短期集中web連載! 手だれの文章家・永江朗が広辞苑を読んで見つけた自然を表す言葉の数々をエッセイに綴ります。

にしざかな【螺肴・西肴】

2013年03月23日 | な行
蓬莱のこと。初春の祝儀にもちいる。一説に、ニシはタニシあるいはニシン。

「蓬莱」の項を見ると、正月の飾りのことらしい。三方の上に白米を盛って、さらに山海のものをいろいろと飾る。飾ったのは、たとえば熨斗鮑(のしあわび)、伊勢海老、勝栗、昆布、野老(ところ)、馬尾藻(ほんだわら)、串柿、裏白(うらじろ)、譲葉(ゆずりは)、橙、橘などとある。野老も、馬尾藻も、裏白も、譲葉もわからないので、それぞれの項目を読んでみる。野老というのはヤマノイモ科の蔓性多年草だそうだ。イラストも載っている。馬尾藻は「海産の褐藻」だそうだ。「古来、新年の飾物、食用、肥料として用い、また焼いて加里を採る」とも書いてある。裏白はシダ。譲葉は常緑の木で、「新しい葉が成長してから古い葉が譲って落ちるので、この名がある」のだそうだ。

『広辞苑』の「譲葉」のページを読んでいて「おや?」と思った。ぼくの家の庭にある木、これは譲葉ではないか? ネットで画像を探すと、まさしくこれ。何という木だろうと思っていたのだけれども、これで疑問が解決した。その葉の落ちかたから、世代交代、子孫繁栄、家名永続のシンボルらしい。おめでたい木だったのですね。

なみのかよいじ【波の通い路】

2013年03月22日 | な行
波の上を通うみち。ふなじ。

 味のある言葉だ。航路ということだろうか。船が通ったあと、しばらくは波のあいだにその軌跡が残っている。まるで海の表面に線を引いたようになる。海水は不定形なものなのに、跡が残るというのが不思議だ。

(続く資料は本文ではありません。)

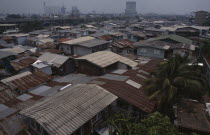 View over the rooftops of slum housing area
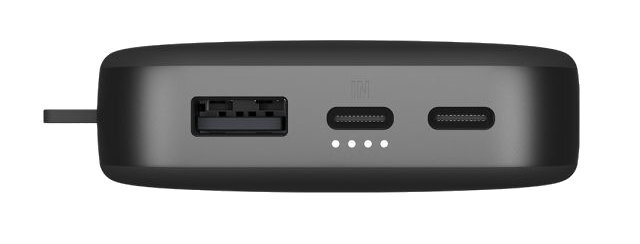 Czarny power bank z portami USB i USB-C.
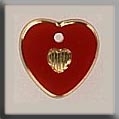 Mill Hill Glass Treasures 12093 - Small Engraved Heart Red-Gold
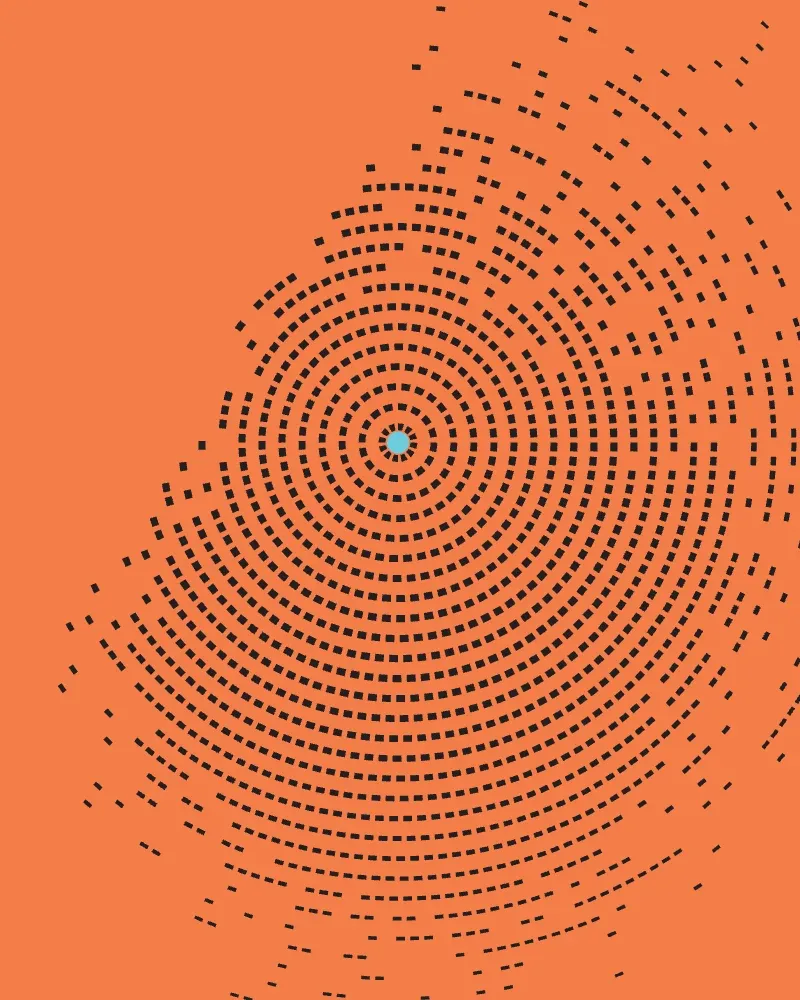 A plate of concentric rings of dots on an orange ground, with a cyan accent.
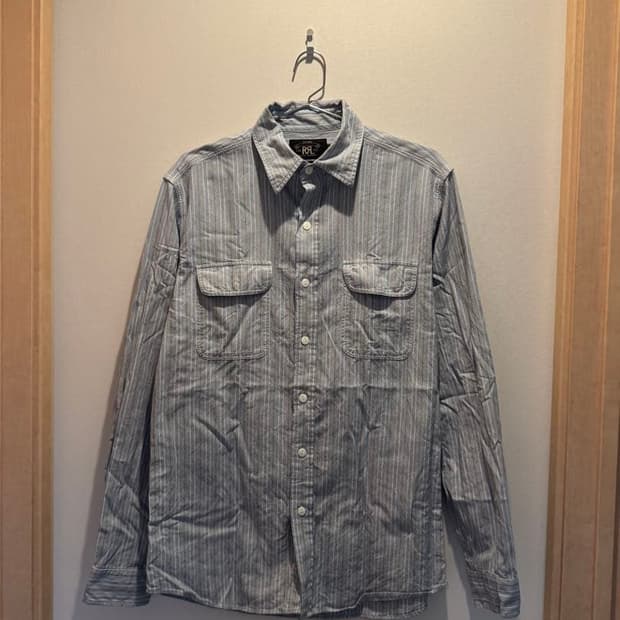RRL 더블알엘 인디고 시어서커 스트라이프 긴팔 워크 셔츠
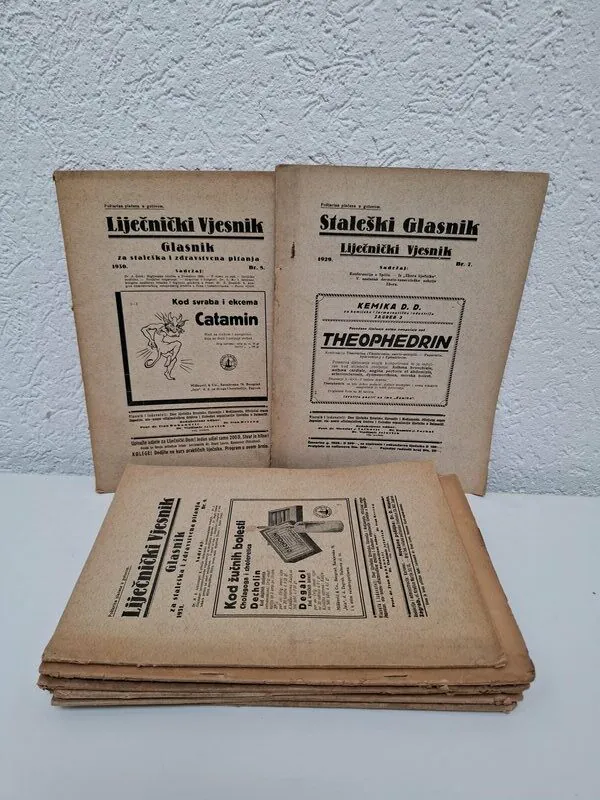 Liječnički Vjesnik - Staleški Glasnik 1922-1931 , lot 11 časopisa za staleška i zdravstvena pitanja
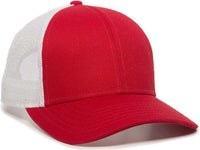 OC Sports OC770 Adjustable Mesh Back Cap with Sweatband - Red White - Red White / 6 7/8’’ - 7 1/2’’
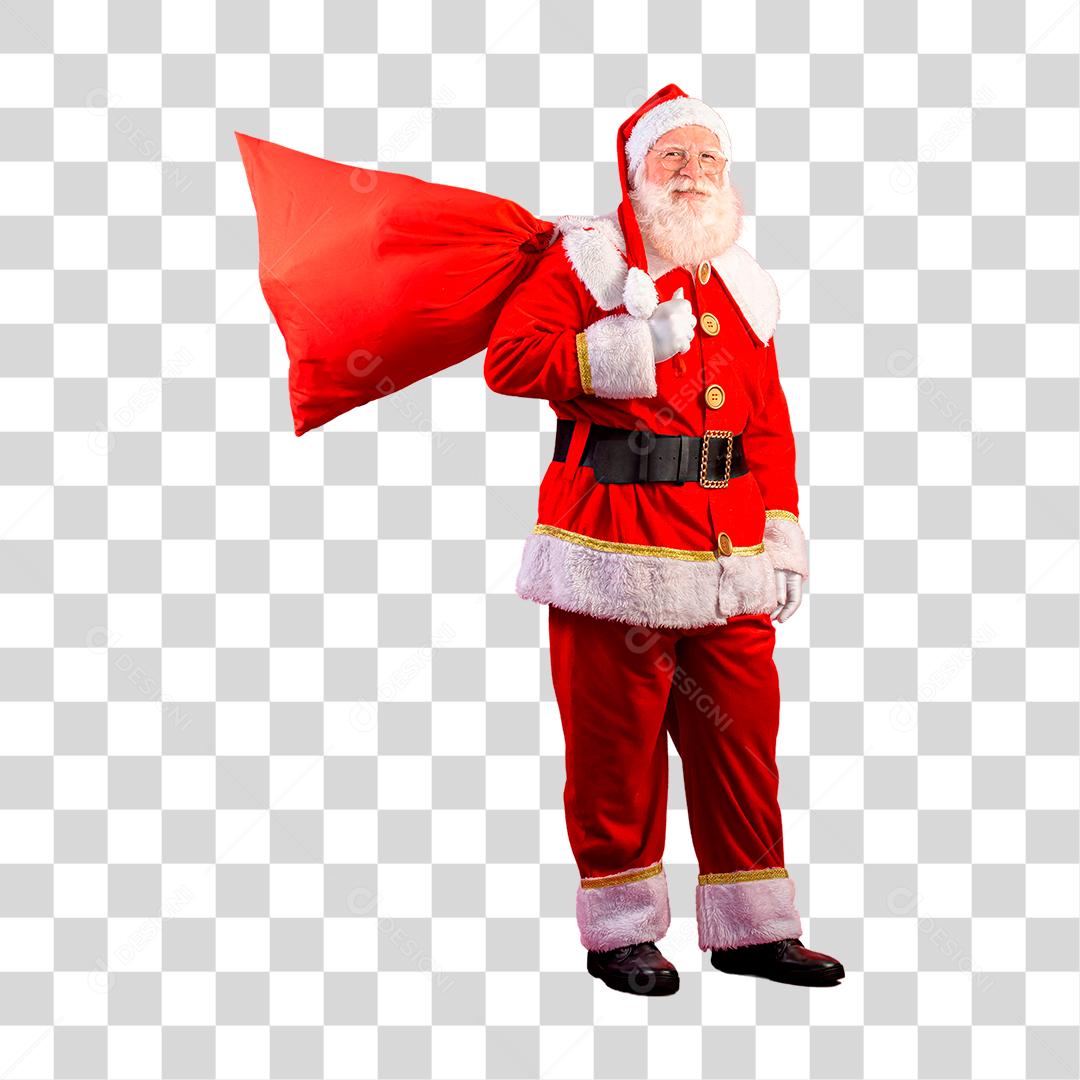 Papai Noel segurando saco de presentes PNG Transparente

『広辞苑』には、「波の」ではじまるきれいな言葉がたくさん載っている。

「波の綾」は「波でつくられる水面の文様」のこと。さざ波が綾織物のように見えることから、こういう。

 同じく波紋でも、「波の皺」といういい方がある。しかもこちらは「年老いて皮膚にできる皺」の意味もあるから要注意だ。たとえばひそかに加齢を気にしている人と海辺でデートしていて、「波の皺がきれいですね」なんていうと、「私って、そんなに皺が目立つかしら」とショックを与えたりして。

「波の標(なみのしめ)」は「波を、張り渡した標にたとえていう語」とある。「標(しめ)」はしめなわや、土地の境界を示すために杭を打って縄を張ったもの。白い波頭はしめなわに見えなくもない。

「波の鼓」は波の音。

なつうたうものはふゆなく【夏歌うものは冬泣く】

2013年03月21日 | な行
暑い夏、働かずに歌い暮すものは、冬になって飢えと寒さとに泣く。

 まるで「アリとキリギリス」みたいな諺だ。それとも、イソップ物語の「アリとキリギリス」をヒントに、この諺ができたのだろうか。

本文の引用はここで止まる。